EXERCISE BRIEF: Leave out the images and return all the data word for word.

>>

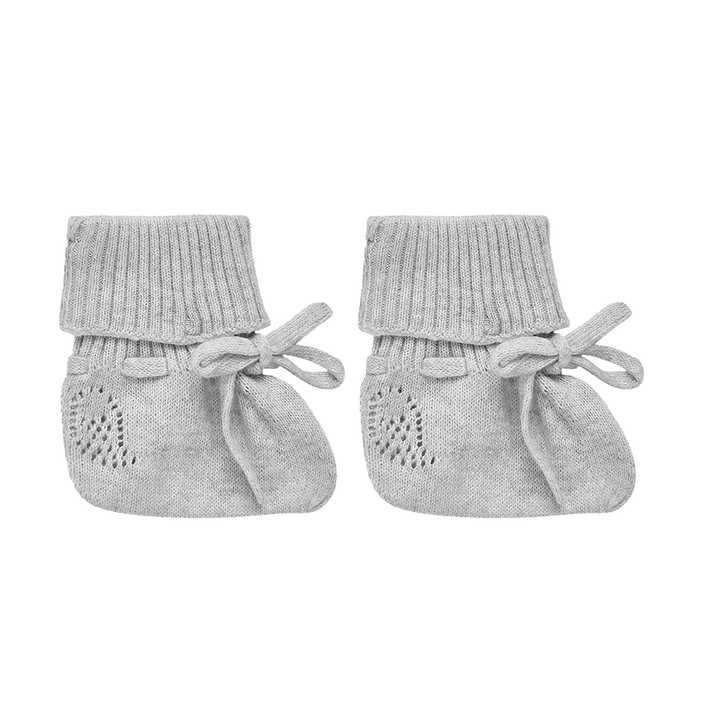 grey knitted baby booties with cashmere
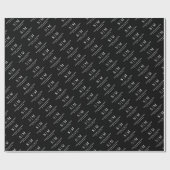 Zwart-wit eenvoudig koppelmonogram cadeaupapier (Vlak)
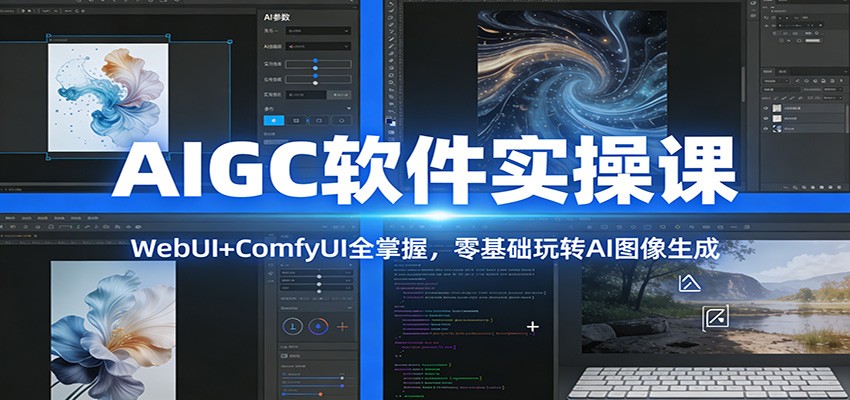 AIGC软件实操课:WebUI+ComfyUI全掌握,零基础玩转AI图像生成-梦清研习社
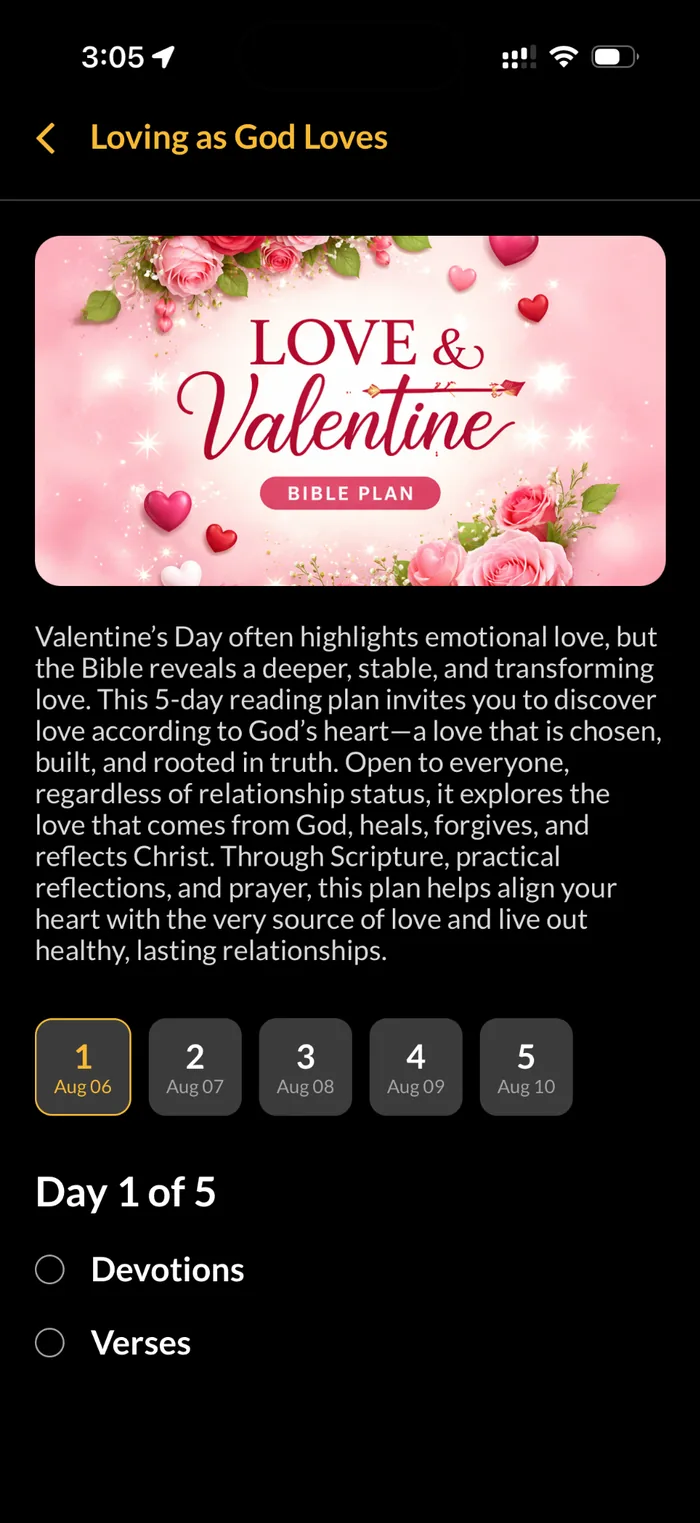 Bible plan detail on mobile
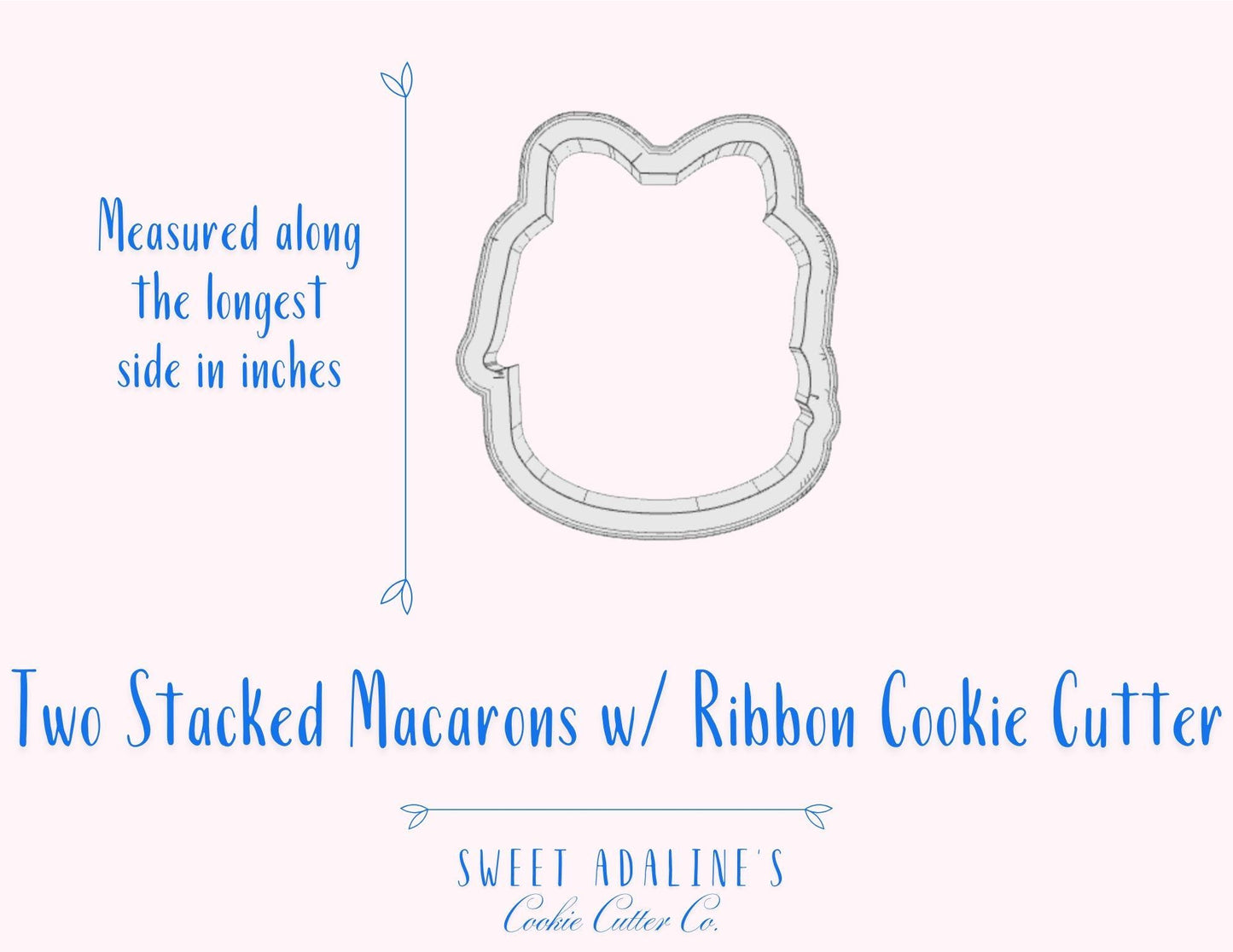 2 Stacked Macarons with Ribbon Cookie Cutter –French Bakery Design –Perfect Gift for Baby Showers, Weddings & Paris-themed Tea Parties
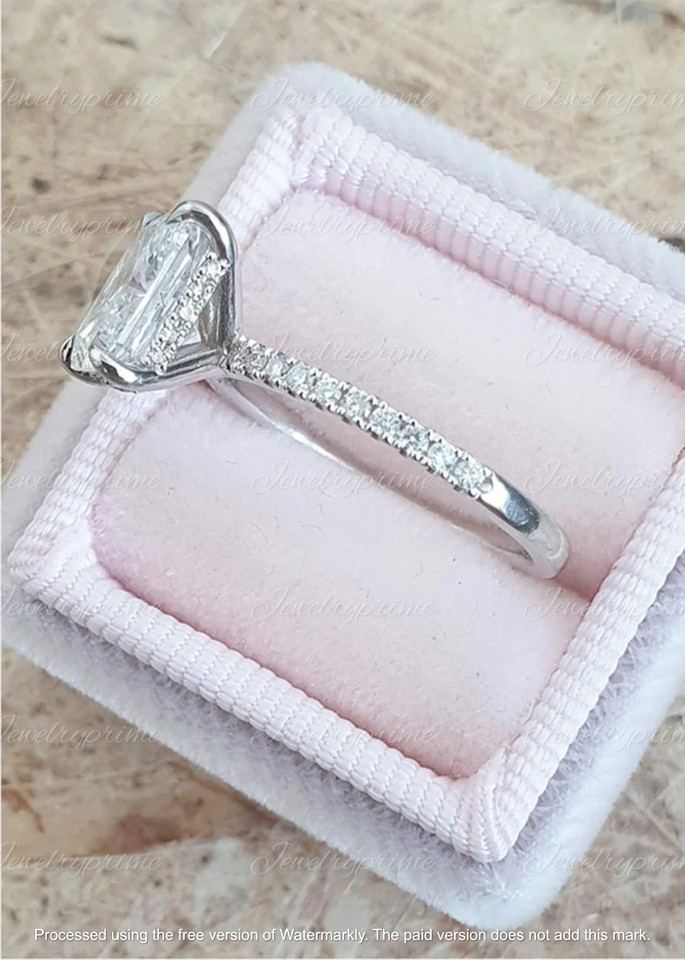 3ct Radiant Cut Lab-Created Diamond Engagement Wedding Ring 14K White Gold Over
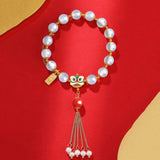 Natural Agate Beaded Bracelet with Tassel Pearl Lion Enamel Bangle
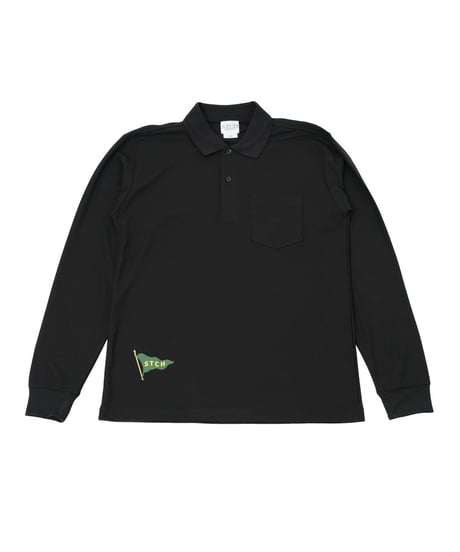 STCH ORIGINAL【Flag logo polo L/S-black】
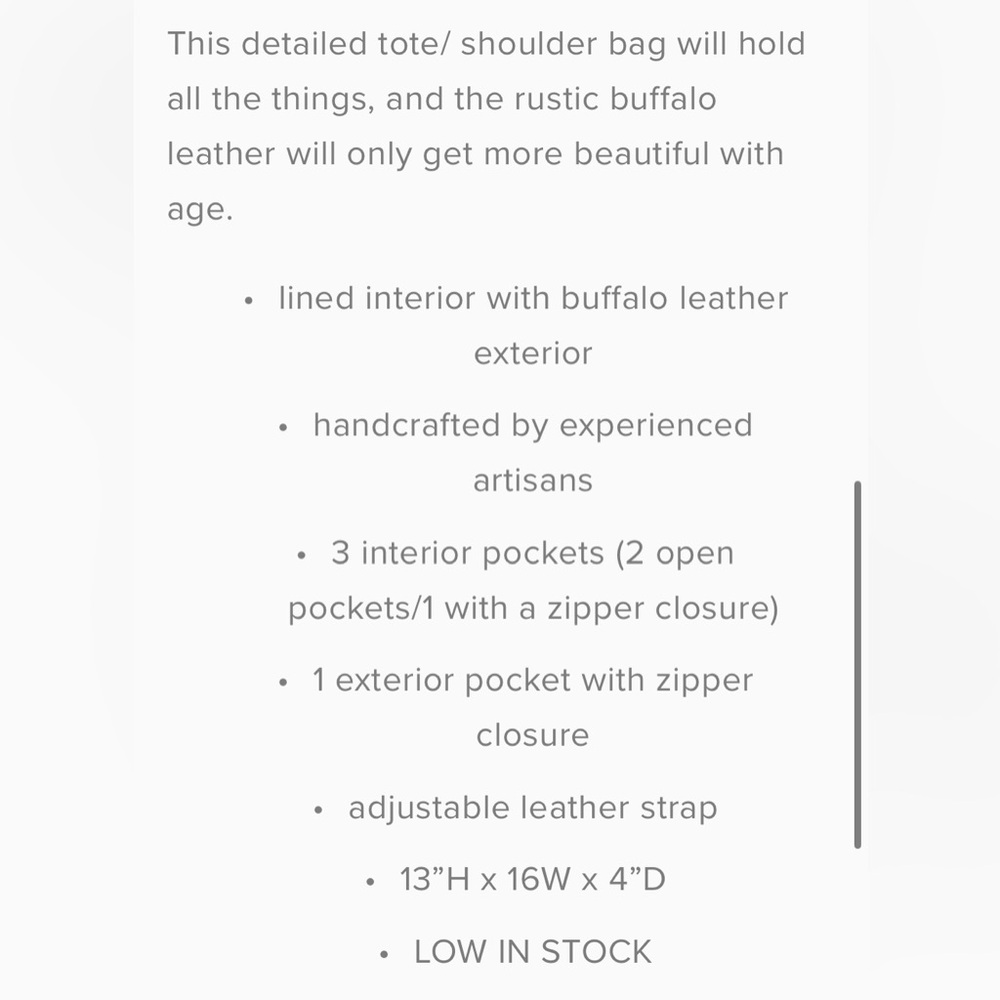 High Noon — The Blake tote/shoulder bag handcrafted buffalo leather - Picture 12 of 12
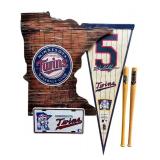 Vintage Twins Memorable including Wooden Minnesota Twins, Miniature Bats, License Plate and Banner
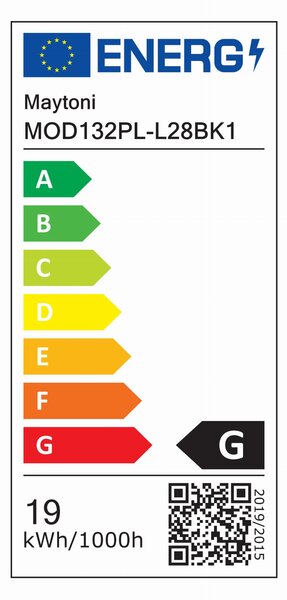 CASCADE lampa wisząca LED 19W długie czarne lejki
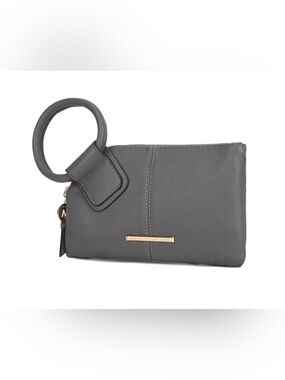 Mia K Collection Simone Wristlet Charcoal Gray Vegan Leather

<<

SOLUTION TO THIS PROBLEM:
 grey knitted baby booties with cashmere
 Zwart-wit eenvoudig koppelmonogram cadeaupapier (Vlak)
 AIGC软件实操课:WebUI+ComfyUI全掌握,零基础玩转AI图像生成-梦清研习社
 Bible plan detail on mobile
 2 Stacked Macarons with Ribbon Cookie Cutter –French Bakery Design –Perfect Gift for Baby Showers, Weddings & Paris-themed Tea Parties
 3ct Radiant Cut Lab-Created Diamond Engagement Wedding Ring 14K White Gold Over
 Natural Agate Beaded Bracelet with Tassel Pearl Lion Enamel Bangle
 STCH ORIGINAL【Flag logo polo L/S-black】
 High Noon — The Blake tote/shoulder bag handcrafted buffalo leather - Picture 12 of 12
 Vintage Twins Memorable including Wooden Minnesota Twins, Miniature Bats, License Plate and Banner
 CASCADE lampa wisząca LED 19W długie czarne lejki
 Mia K Collection Simone Wristlet Charcoal Gray Vegan Leather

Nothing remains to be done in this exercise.